This invention relates to electronic components for implantable medical devices, and more particularly implantable cardioverter/defibrillators having compact circuitry.
Implantable Cardioverter Defibrillators (ICDs) are implanted in patients susceptible to cardiac tachyarrhythmias including atrial and ventricular tachycardias and atrial and ventricular fibrillation. Such devices typically provide cardioversion or defibrillation by delivering low voltage pacing pulses or high voltage shocks to the patient""s heart, typically about 500-800V. The ICD operates by detecting a fast heart rate or tachyarrhythmia, upon which a battery within the device housing is coupled via an inverter to a high voltage capacitor or capacitor pair to charge the capacitors. When the capacitor reaches a desired voltage, charging is stopped and the capacitors are discharged under control of a microprocessor to provide a therapeutic shock to the patient""s heart.
It is desirable for ICDs to be as small as possible, primarily for patient comfort. However, it is also important to provide adequate stored energy in the device battery to allow a useful device life before surgical replacement is required. Also, device capacitors must have adequate capacitance to store and deliver a suitable charge for therapy. Advancements have permitted reductions in the size of these components. However, even for the most advanced components, there remains a desire to minimize device size.
In addition, while batteries and capacitors have traditionally been the largest device components, and therefore the primary targets for miniaturization, advancements for these components have resulted in other components having a significant effect on device size.
A ceramic hybrid is normally used for supporting the many electronic components (including integrated circuit controllers and discrete components), for connecting to the larger components such at the battery and capacitor, and for providing electrical interconnections between components. Such ceramic hybrids require significant area to mount all required components, increasing the needed area. While multi-layer boards having more than two conductive trace layers are available, these do not provide additional mounting area. In addition, even if adequate area is provided, the additional buried traces can lead to heat build-up where current flows beneath heat-generating components.
Moreover, there are disadvantages to mounting components too densely on a board even if there were adequate area. Heat generated by components can impair the function of adjacent components, or those mounted on the opposite side of the board at the same location. In ICD circuitry, certain high voltage sections of the circuit can generate parasitic capacitance, noise and interference at levels that may impair the function of low voltage circuitry immediately adjacent to or on the opposite side of the high voltage circuitry. High voltage standoff distances must be maintained to prevent arcing or shorting from one component at one potential to another at a different potential. High voltage standoff rules tend to increase the surface area that is required for a high voltage circuit.

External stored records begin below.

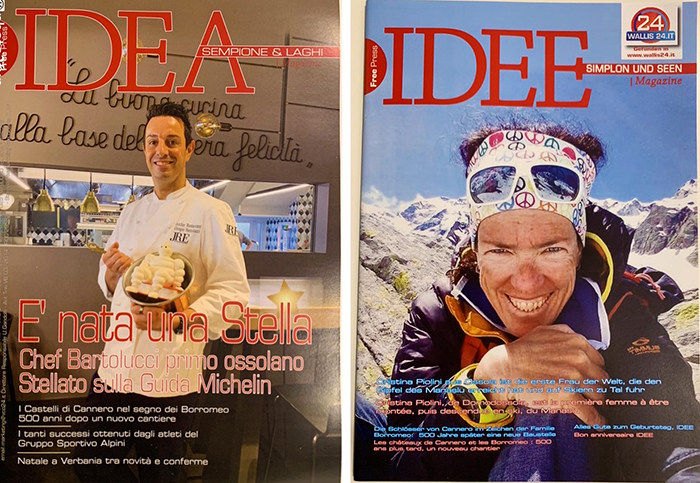 Due eccellenze in copertina per il 6° compleanno del magazine IDEA: Chef Giorgio Bartolucci e la scalatrice Cristina Piolini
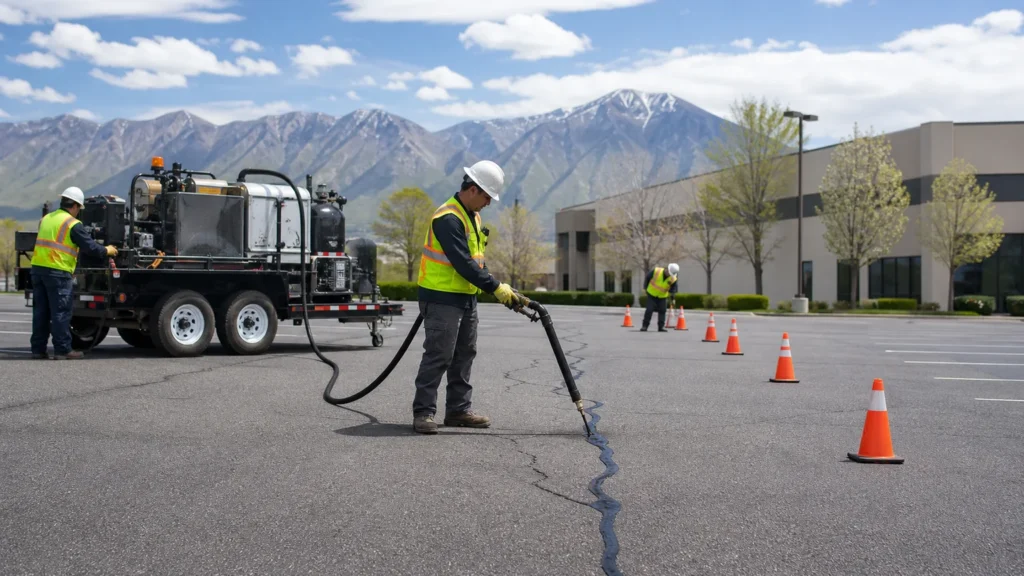 Crack Sealing crew working in a controlled West Jordan, Utah pavement area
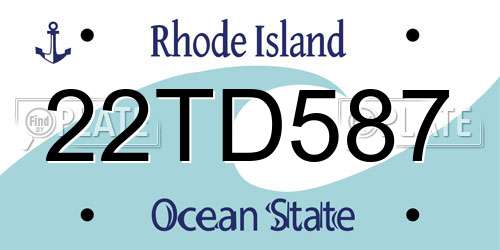 22TD587 Rhode Island License Plate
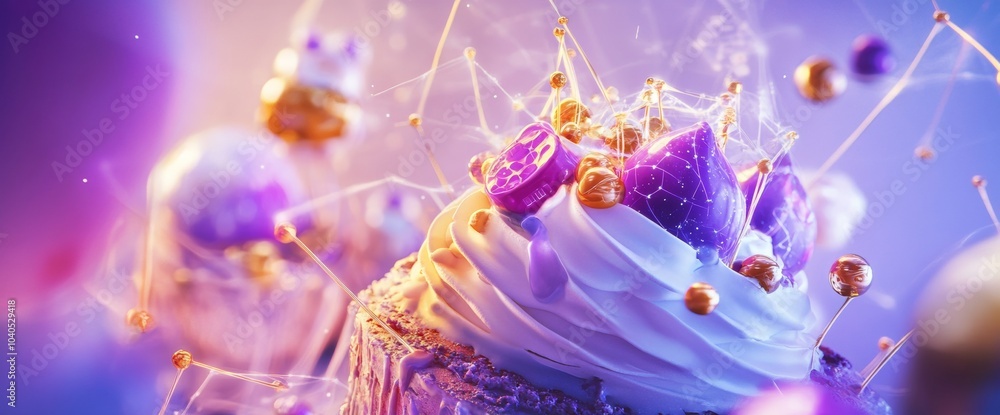 Poster colorful dessert adorned with shiny toppings and abstract decorations in a whimsical setting at twil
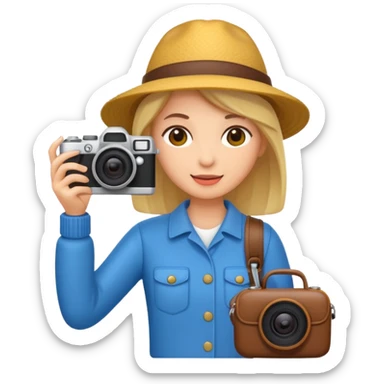 tourist woman holding camera sticker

The disclosed embodiment overcomes the limitations of the prior art by providing an implantable cardiac rhythm management device. The device has a flexible circuit sheet with a number of connected sheet portions and a number of conductive traces extending between different sheet portions. A plurality of device components are attached to the sheet, on different sheet portions. The sheet is articulated at fold lines between the sheet portions; and folded so that at least some of the sheet portions occupy different planes.